L’invasione pacifica di Michael Moore

downloadA sei anni da “Capitalism, a love story”, esce Where to invade next, il nuovo docu-film di Michael Moore, presentato in anteprima mondiale al Festival di Berlino 2016 e distribuito nei cinema italiani per soli tre giorni.

L’idea di fondo del regista è quella di andare in giro per l’Europa (e non solo) ad “invadere” pacificamente altri paesi e rubare loro qualcosa che non sia il petrolio: rubare un’idea, uno stile di vita, una legge, una conquista, una tradizione che possa essere copiata ed utilizzata per migliorare la società americana.

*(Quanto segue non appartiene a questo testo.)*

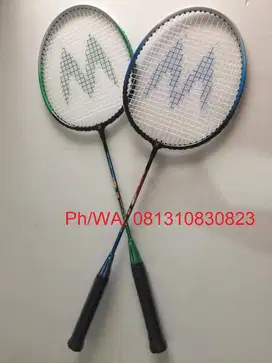 Sepasang Raket Badminton Moris Baru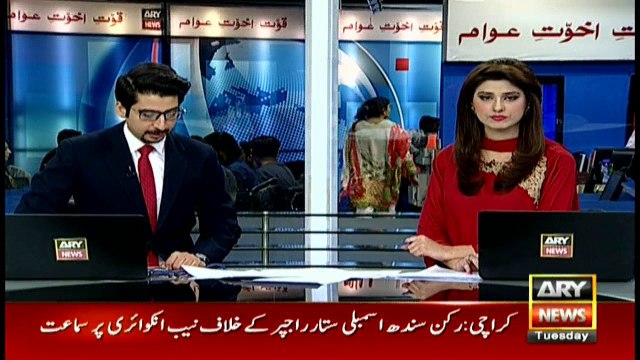 Tanker crashes into a house in Korangi, six injured and a woman died in the incident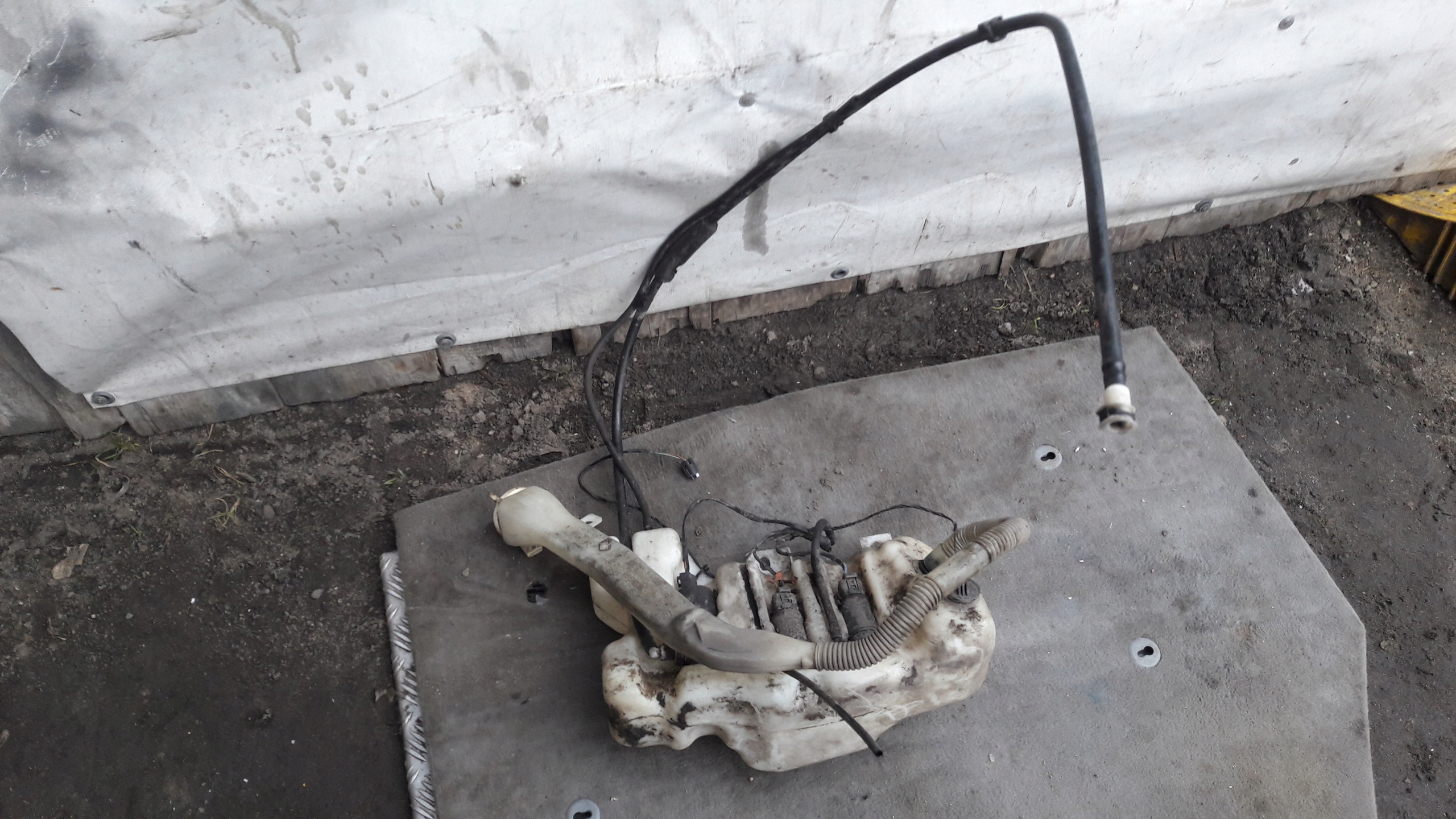 8364941A - BMW E39 бачок омывателя ксенона насос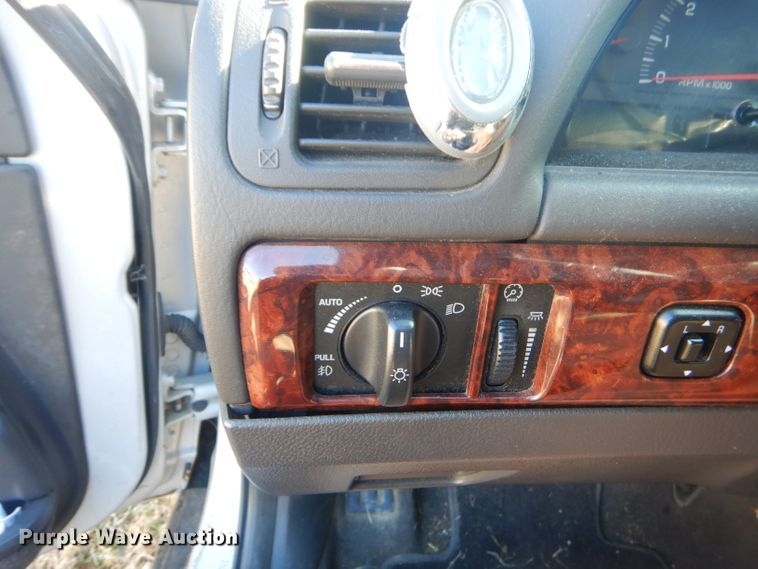 image for item GG9619 2001 Lincoln LS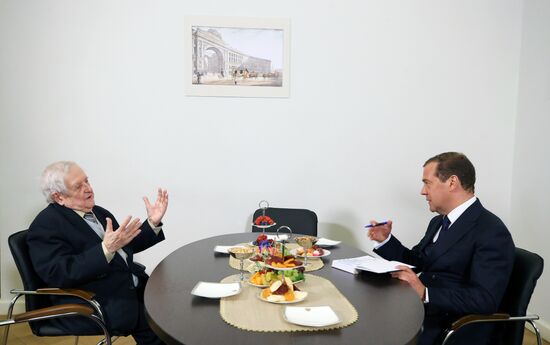 Рабочая поездка премьер-министра РФ Д. Медведева в Санкт-Петербург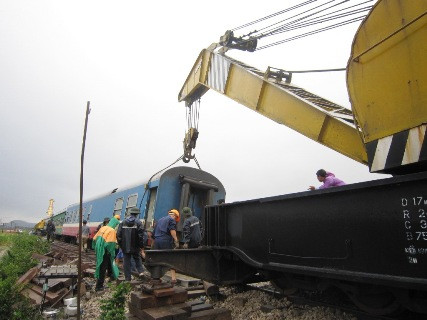 Cần cẩu trọng tải hơn 100 tấn cũng được đưa vào để cẩu các toa tàu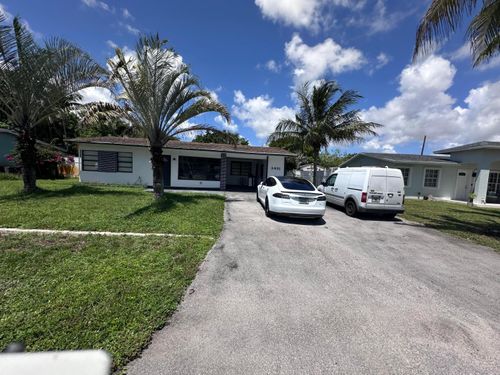 2431 Ne 10th Avenue Ne, Pompano Beach, FL, 33064 | Card Image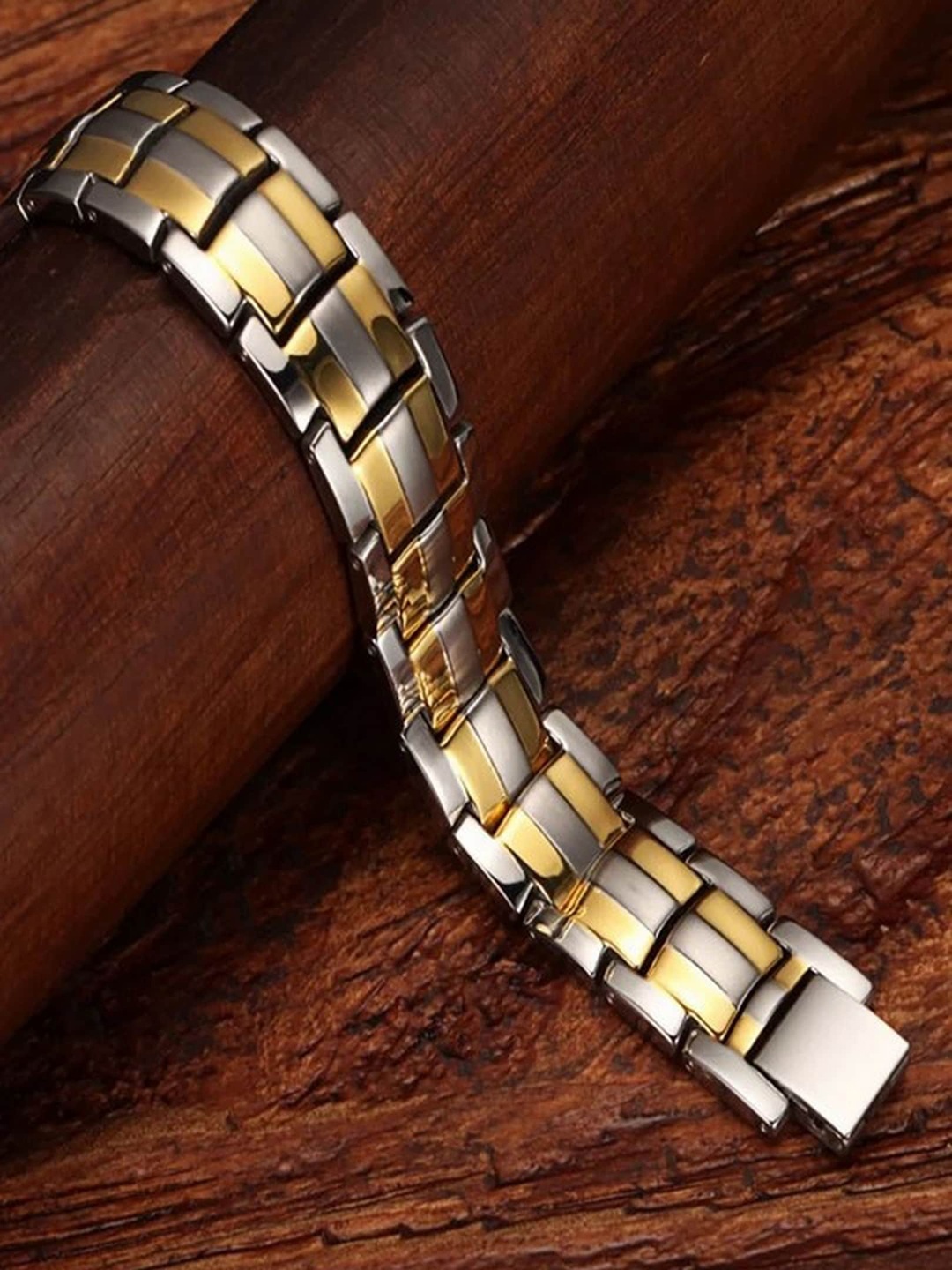 

UNIVERSITY TRENDZ Men Rhodium-Plated Link Bracelet, Gold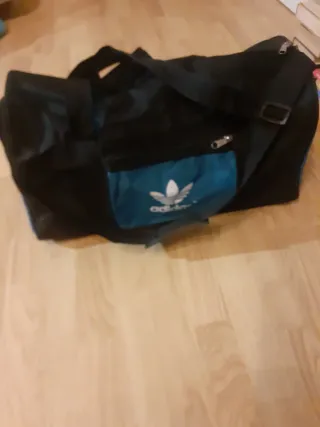 Borsone Adidas nero e turchese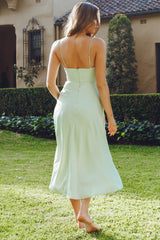 Vestido Midi com Alças Finas e Busto Ajustado Lake Como Abacate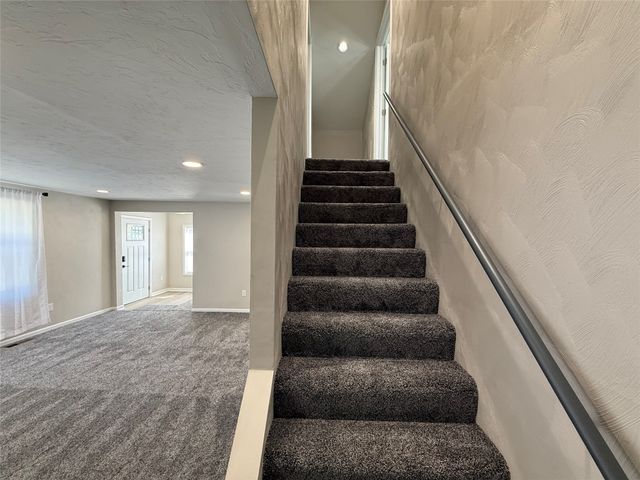 121 W 2ND Street, Waterford, PA 16441
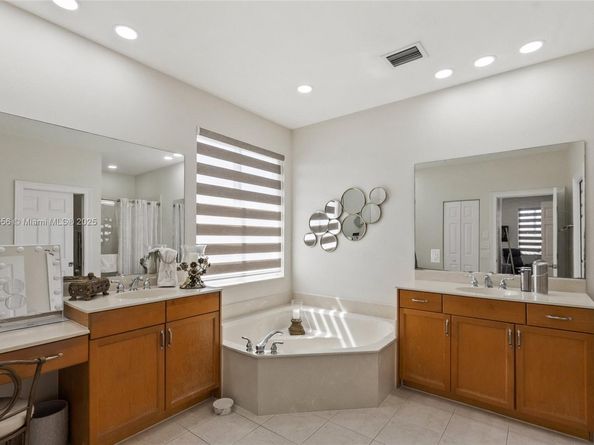 5413 SW 186th Way, Miramar FL 33029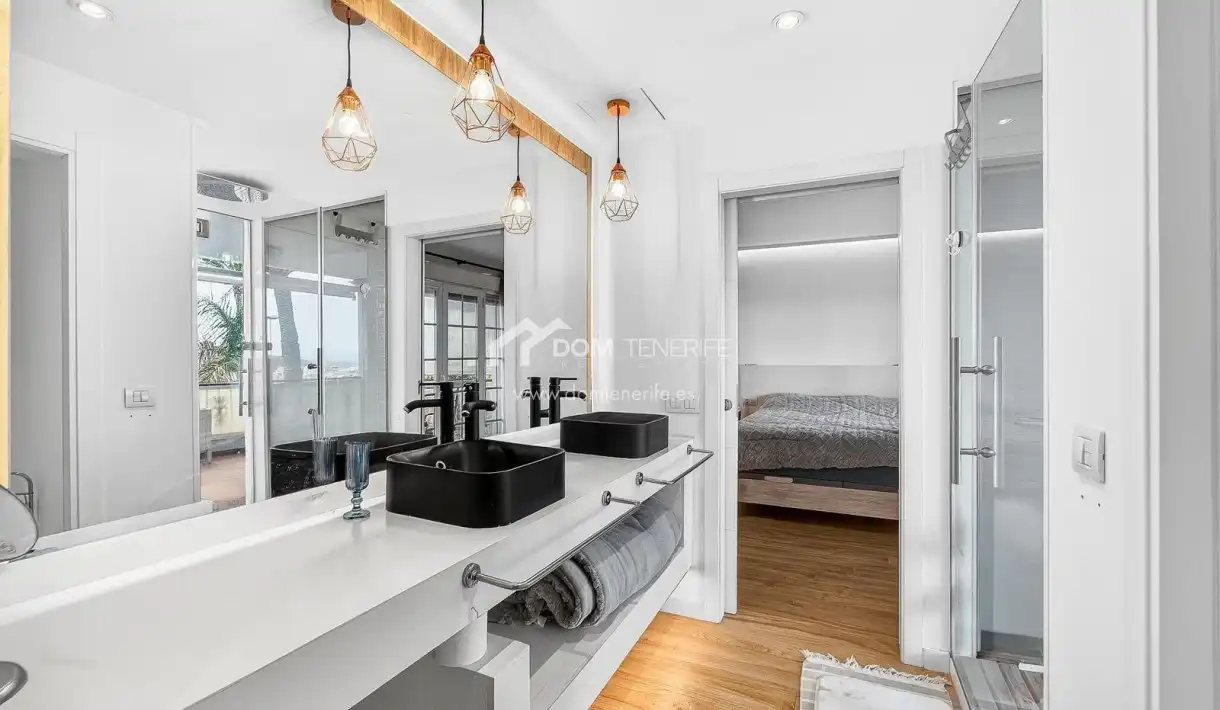 Baño de Casa o chalet en venta en Arona con Terraza, Piscina y Amueblado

Armato solo di bandiera stelle e strisce (“perché noi americani, per imparare qualcosa, dobbiamo conquistare”), parte per un lungo viaggio nel vecchio continente, effettuando interviste in Italia (dove apprende, meravigliato, dell’esistenza di ferie, festività, permessi e maternità retribuite), in Francia (sulla qualità delle mense scolastiche e sull’educazione sessuale insegnata nelle scuole), in Germania (sulla qualità della vita dei lavoratori), in Portogallo (sulla depenalizzazione del consumo di droga), in Finlandia (sull’efficienza della scuola pubblica), in Slovenia (sull’educazione gratuita per tutti, anche per gli stranieri), in Norvegia (sull’efficacia del sistema penale che punta sul recupero e non sulla punizione), in Islanda (sulla parità dei sessi in ogni aspetto di gestione della società). Fa perfino una tappa in Africa, in Tunisia, per constatare quanto la conquista dei diritti delle donne sia ormai giunta ad ottimi livelli.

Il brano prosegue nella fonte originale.